Control of humanoids

Macroscopic dynamics and control -- COM-ZMP model

As explained in Humanoid motion section, the macroscopic dynamics is represented by the relationship between COM and the total external force. More concretely stating, the translational COM acceleration is proportional to the total external force. Hence, COM can be controlled through the manipulation of the total external force (Witt 1968, Yamashita et al. 1972, Fujimoto & Kawamura 1995).

One should notice that the external force satisfies the following constraints.

    1. Unilaterality: abstract forces cannot be exerted at any contact points, and
    2. Friction: any tangential forces cannot exceed the maximum static friction force.

The former is more severe, which is substitutable with a condition where the center of pressure of the external force must lie within the supporting region (the convex hull of contact points) (Vukobratovic et al. 1969). The center of pressure is also defined as the zero-moment point or ZMP in short, since the horizontal component of the moment of force (torque) acting about that point is zero (Vukobratovic et al. 1972).

The relationship between COM and the total external force is also represented by that between COM and ZMP under the following approximations: (1) the total mass is concentrated at COM, and (2) the height of COM is constant. In such situations, the manipulation of ZMP is almost equivalent with the manipulation of the external force (Mitobe et al. 1996). It originates in a fact that the dynamics of COM-ZMP is similar to that of an inverted pendulum (Nagasaka et al. 1999). The question is in what way ZMP should be manipulated.

Dynamics morphing

Humanoid control involves a variety of objectives such as keeping stance configuration, stepping out to avoid falling down, alternating the pivot foot and walking. Controller should be designed to achieve each objective based on the common equation of motion of the COM-ZMP model and dynamical contraints. However, it is not desirable to switch many different controllers which are individually designed for each objective according to the situations due to the following two reasons. First, the borderlines between "the situations" are not so clear that they are easily classified; if the controllers are designed based on the assumption that situations are well-defined, they don't properly work against the changes of realistic situations. Second, it is hard to design the behavior in the upper layer upon a patchwork of individual controllers.
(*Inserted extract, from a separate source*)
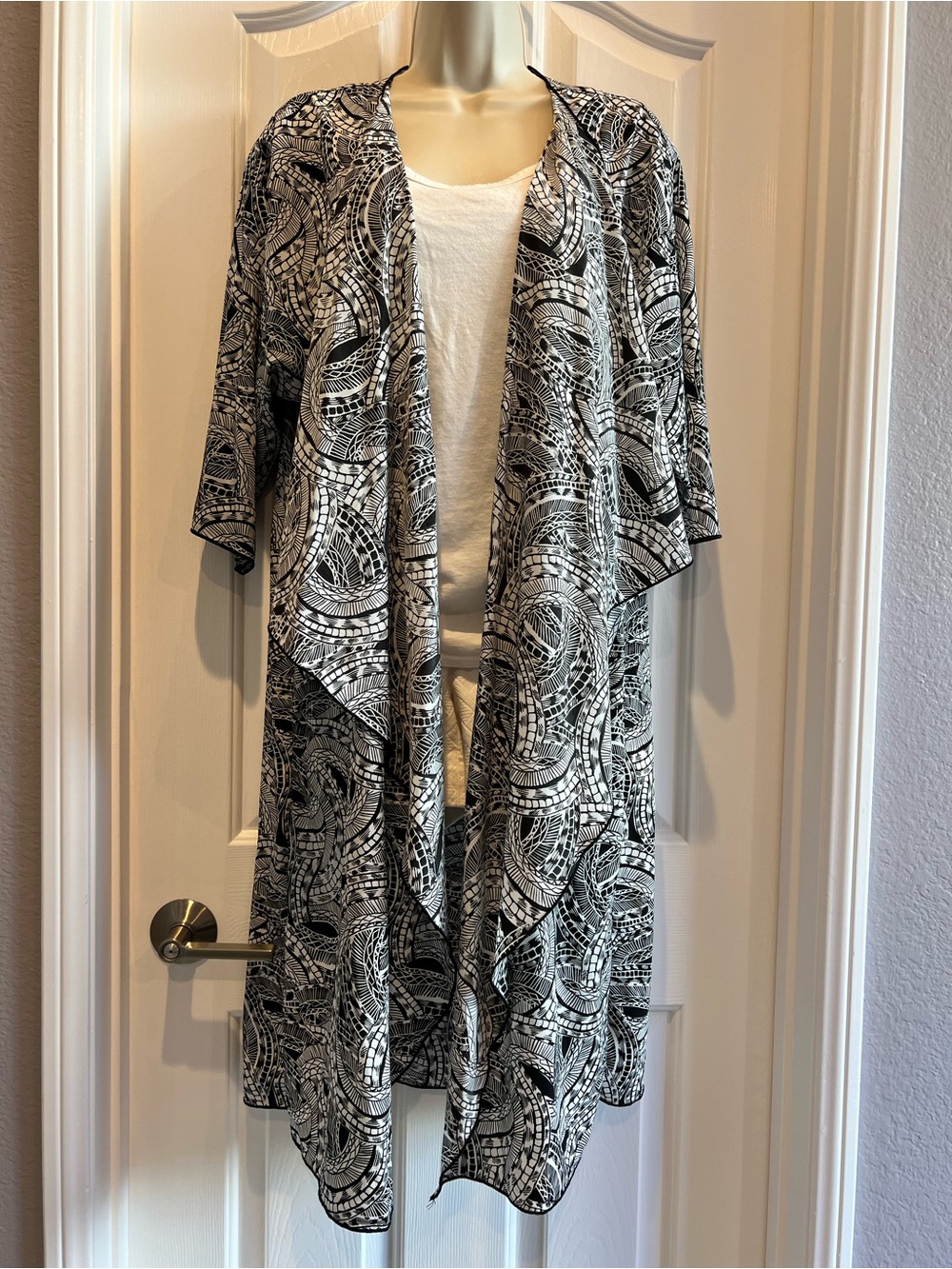 LuLaRoe Black & White Patterned Duster Cardigan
A benefit of COM-ZMP model is that the system behavior is easily visualized including the constraint where ZMP lies within the supporting region. In this study, a seamlessly morphing controller which starts from the standing to self-excited oscillation, the pivot foot alternation and the stepping-out was designed based on the behavior of COM visualized on a phase portrait. The voluntary morphing of the system by the controller is synchronized to the passive morphing of the system by the deformation of the supporting region. We named this framework the dynamics morphing.

[References]

  • H. Atsuta and T. Sugihara, Lateral Walk Control of a Biped Robot Based on Dynamics Morphing, in Proceedings of 19th Robotics Symposia, Arima Grand Hotel, 1B4, pp.49-54, 2014. 3.15.
  • T. Sugihara, Reflexive Step-out Control Superposed on Standing Stabilization of Biped Robots, 2012 IEEE-RAS International Conference on Humanoid Robots, pp.741-746, Osaka, Dec. 1st, 2012.
  • T. Sugihara, Biped Control To Follow Arbitrary Referential Longitudinal Velocity based on Dynamics Morphing, 2012 IEEE/RSJ International Conference on Intelligent Robots and Systems, pp.1892-1897, Vilamoura, Oct. 9th, 2012.
  • T. Sugihara, Consistent Biped Step Control with COM-ZMP Oscillation Based on Successive Phase Estimation in Dynamics Morphing, 2010 IEEE International Conference on Robotics and Automation, pp.4224-4229, Anchorage, May, 6th, 2010.
  • T. Sugihara, Dynamics Morphing from Regulator to Oscillator on Bipedal Control, 2009 IEEE/RSJ International Conference on Intelligent Robots and Systems, pp.2940-2945, St.Louis, Oct, 13th, 2009.
  • T. Sugihara, Standing Stabilizability and Stepping Maneuver in Planar Bipedalism based on the Best COM-ZMP Regulator, 2009 IEEE International Conference on Robotics and Automation, pp.1966-1971, Kobe, May, 15th, 2009.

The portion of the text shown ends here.